At the end of the current cotton crop season, world ending stocks are projected up 11 percent to nearly 22 million tons, according to an International Cotton Advisory Committee (ICAC) report released Tuesday.
Though China’s ending stocks have seen substantial increased over the previous three seasons, they are expected to stay stable at the end of the 2014-15 season, reaching just over 12 million tons — 56 percent of total world stocks.
Beyond China, ending stocks are forecast to increase for the second consecutive season, going from 7.5 million tons to 9.5 million tons, a 35-year high.
“While the gap between production and consumption has declined since 2011/12, production is projected to exceed consumption by 2.1 million tons in 2014/15 with most of the excess being held by producing countries with exportable surpluses,” according to the ICAC.
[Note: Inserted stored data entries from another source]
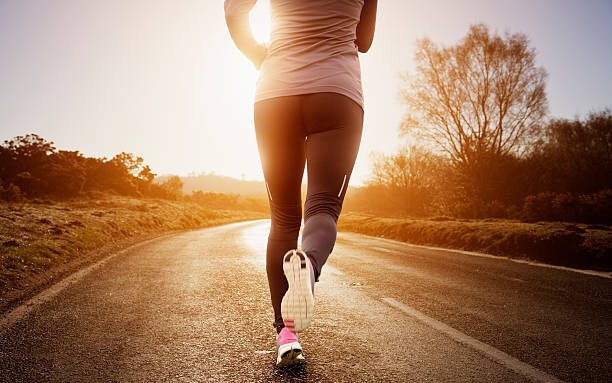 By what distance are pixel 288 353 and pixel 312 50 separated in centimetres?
144

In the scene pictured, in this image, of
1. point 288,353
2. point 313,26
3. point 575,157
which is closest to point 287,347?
point 288,353

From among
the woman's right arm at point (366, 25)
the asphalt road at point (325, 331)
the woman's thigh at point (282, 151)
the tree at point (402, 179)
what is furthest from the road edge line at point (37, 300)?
the tree at point (402, 179)

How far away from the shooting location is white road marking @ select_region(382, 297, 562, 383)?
1.91 metres

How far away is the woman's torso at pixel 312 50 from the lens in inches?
64.0

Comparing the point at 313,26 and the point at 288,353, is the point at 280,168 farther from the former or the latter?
the point at 288,353

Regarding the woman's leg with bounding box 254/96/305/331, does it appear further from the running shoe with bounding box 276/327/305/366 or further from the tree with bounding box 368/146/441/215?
the tree with bounding box 368/146/441/215

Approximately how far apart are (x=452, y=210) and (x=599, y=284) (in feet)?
56.5

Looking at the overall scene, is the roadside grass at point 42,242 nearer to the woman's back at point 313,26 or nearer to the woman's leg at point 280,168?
the woman's leg at point 280,168

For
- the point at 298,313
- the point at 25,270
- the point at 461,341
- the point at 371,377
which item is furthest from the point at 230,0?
the point at 25,270

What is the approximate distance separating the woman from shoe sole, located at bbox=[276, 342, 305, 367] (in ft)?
0.04

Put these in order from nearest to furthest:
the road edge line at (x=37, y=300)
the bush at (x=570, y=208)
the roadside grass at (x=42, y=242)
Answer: the road edge line at (x=37, y=300) < the roadside grass at (x=42, y=242) < the bush at (x=570, y=208)

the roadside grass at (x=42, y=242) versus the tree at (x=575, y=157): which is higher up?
the tree at (x=575, y=157)

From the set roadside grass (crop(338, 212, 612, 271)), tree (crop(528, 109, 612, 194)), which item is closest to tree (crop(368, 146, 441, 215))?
→ tree (crop(528, 109, 612, 194))

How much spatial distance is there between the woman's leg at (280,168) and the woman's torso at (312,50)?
7 cm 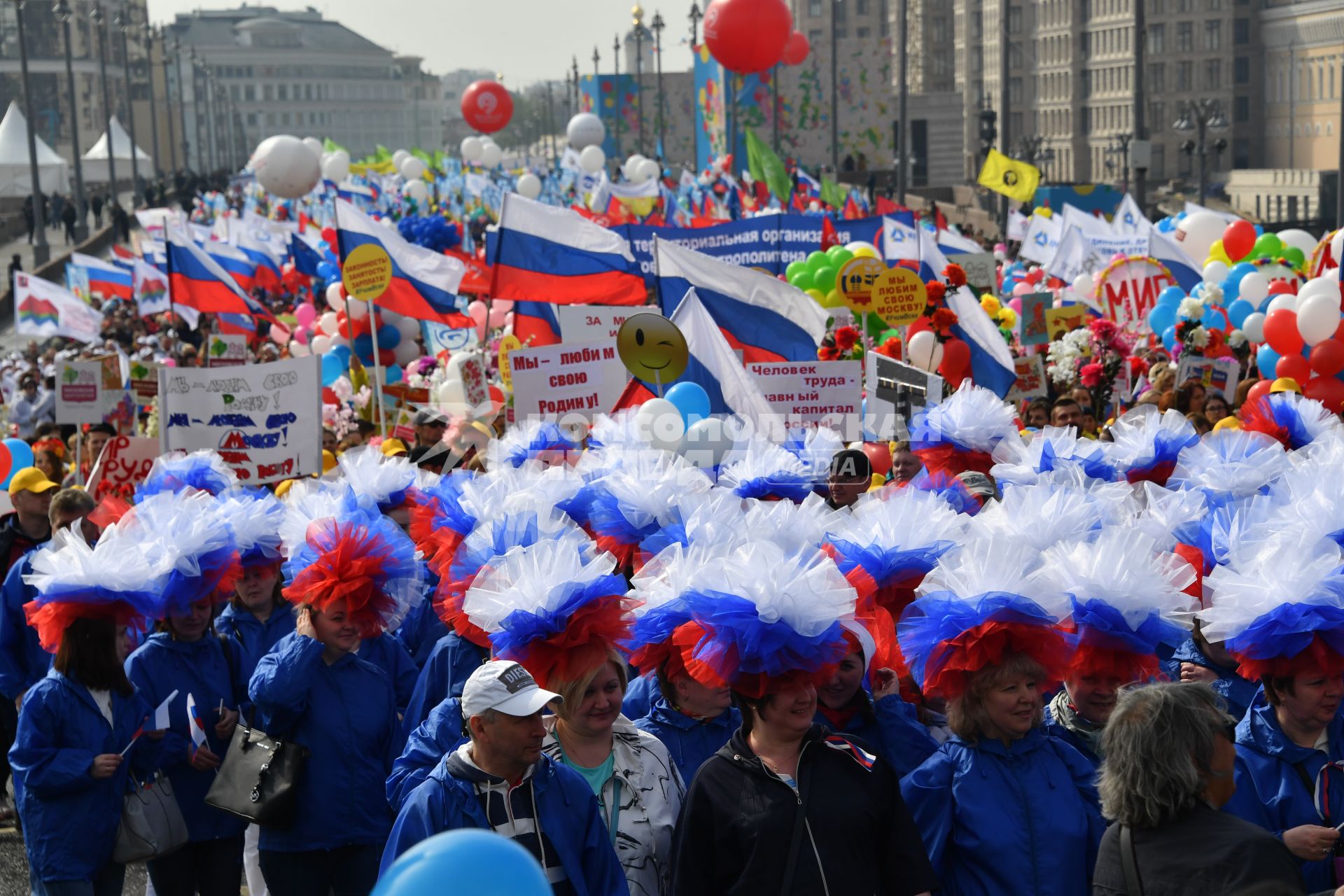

China’s production is projected to dip 7 percent to 6.4 million tons.
“While production has also fallen, the volume has been sufficient to meet 80 to 90 percent of demand, particularly as China’s consumption has declined the last four seasons,” ICAC noted. “However, much of the domestic production was absorbed by China’s national reserve, and spinners relied heavily on imports from other producing countries, allowing international cotton prices to remain elevated.”
China ended its reserve policy during this crop season and announced that it would limit imports to the volume outlined under its World Trade Organization (WTO) obligations.
In Turkey, currently the world’s third largest importer of the commodity, consumption is expected to decline 4 percent to 1.3 million tons as mills outfitted with outdated machinery have been shuttered and cotton’s market share has dipped further owed to the present price attractiveness of synthetic fibers.
Though its acreage is down 4 percent and flooding caused losses, Pakistan’s cotton production is expected to increase 11 percent at 2.3 million tons. Its imports, however, should fall roughly 9 percent to 367,000 tons as the current crop should meet domestic demand.
Declines in imports from China and Turkey will affect the U.S. as the world’s largest exporter, but the ICAC said demand for high-quality machine-picked cotton will help curb export losses.
For the 2014/15 season, U.S. production is estimated at 3.5 million tons, a 25 percent jump from the previous season, and exports are expected to see a modest 2 percent uptick to 2.3 million. Ending stocks in the U.S. are forecast to increase 58 percent to just over 1 million tons.
India, the world’s second largest exporter, should see a significant decrease in exports this season, according to the ICAC, despite a high projected volume of production at 6.8 million tons.
“Consumption is forecast to increase 4 percent to 5.2 million tons while production remains stable, resulting in a smaller exportable surplus. Additionally, demand from China and Pakistan, two of its three largest buyers, has fallen. Ending stocks in India are expected to increase 40 percent to 2.4 million tons in 2014/15 after two season of contraction,” according to the ICAC.